*Task directions:* This task calls for the lines below starting at the one containing "Altavoz PA portátil" and ending at the one containing "Eliza J Black Sequin Dress - Size 10", repeated exactly with both ends kept and pictures left out.

*Data section:*
*** Block opens ***

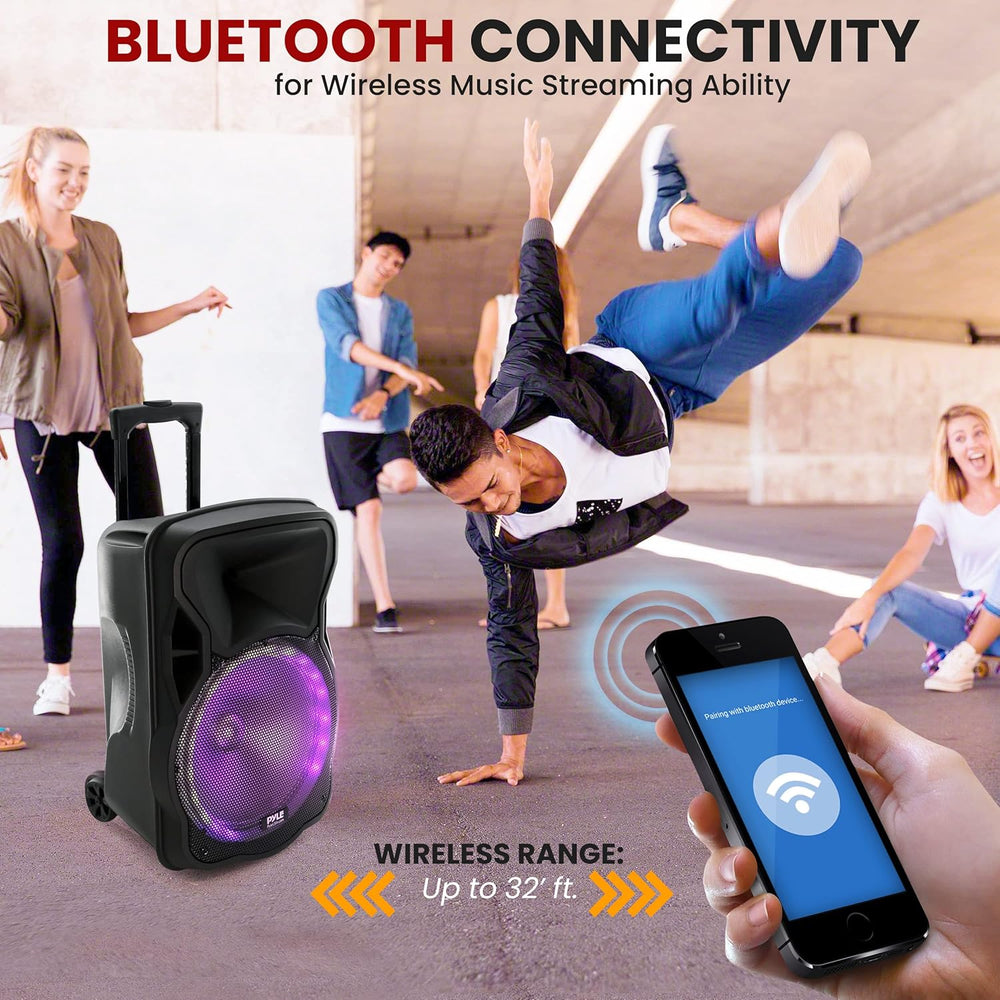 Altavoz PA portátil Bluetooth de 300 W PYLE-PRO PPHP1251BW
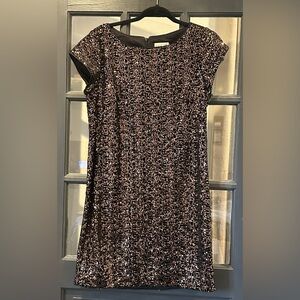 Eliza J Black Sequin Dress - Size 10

*** Block closes ***
*** Block opens ***

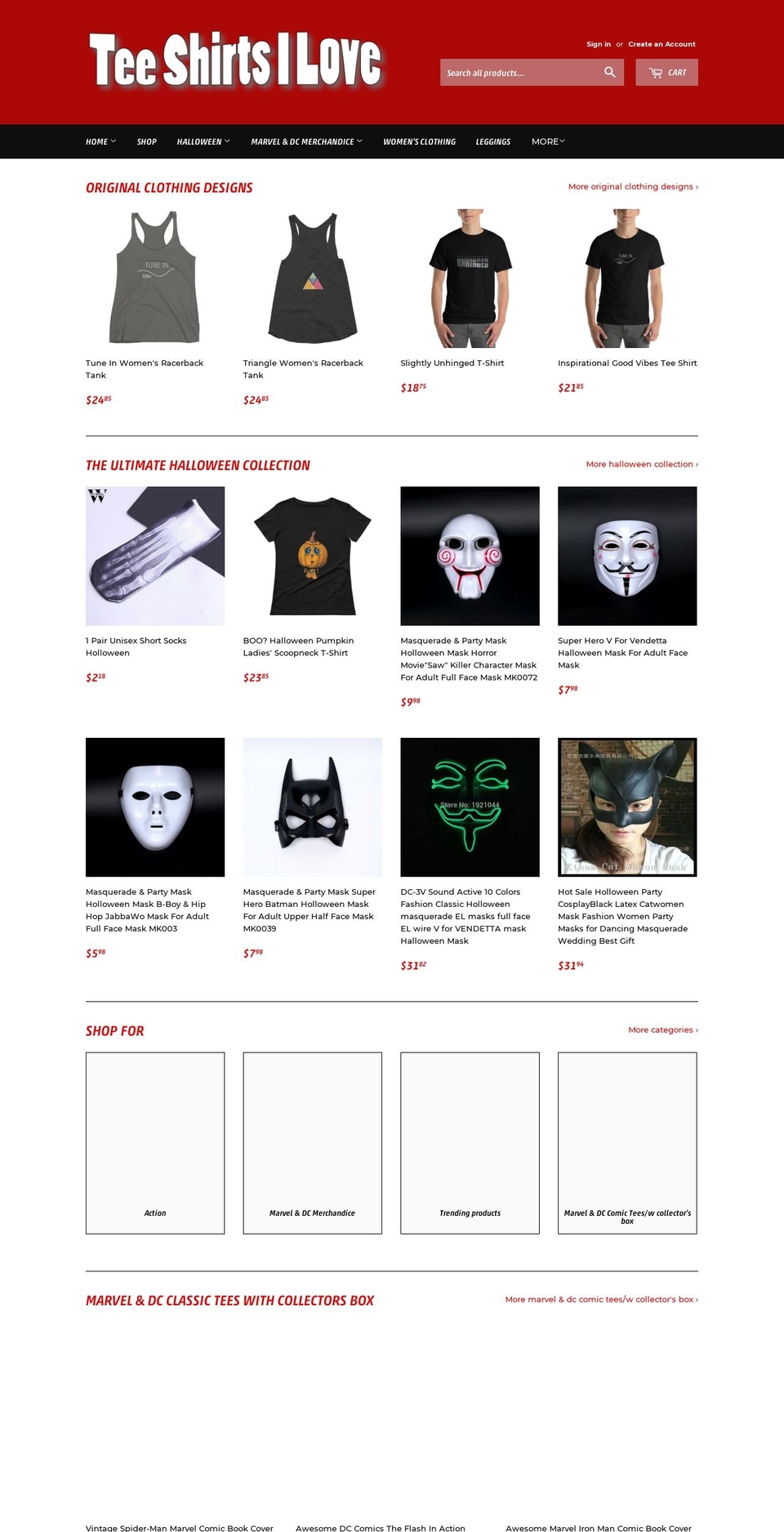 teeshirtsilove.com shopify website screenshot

*** Block closes ***

*Your response:*
 Altavoz PA portátil Bluetooth de 300 W PYLE-PRO PPHP1251BW
 Eliza J Black Sequin Dress - Size 10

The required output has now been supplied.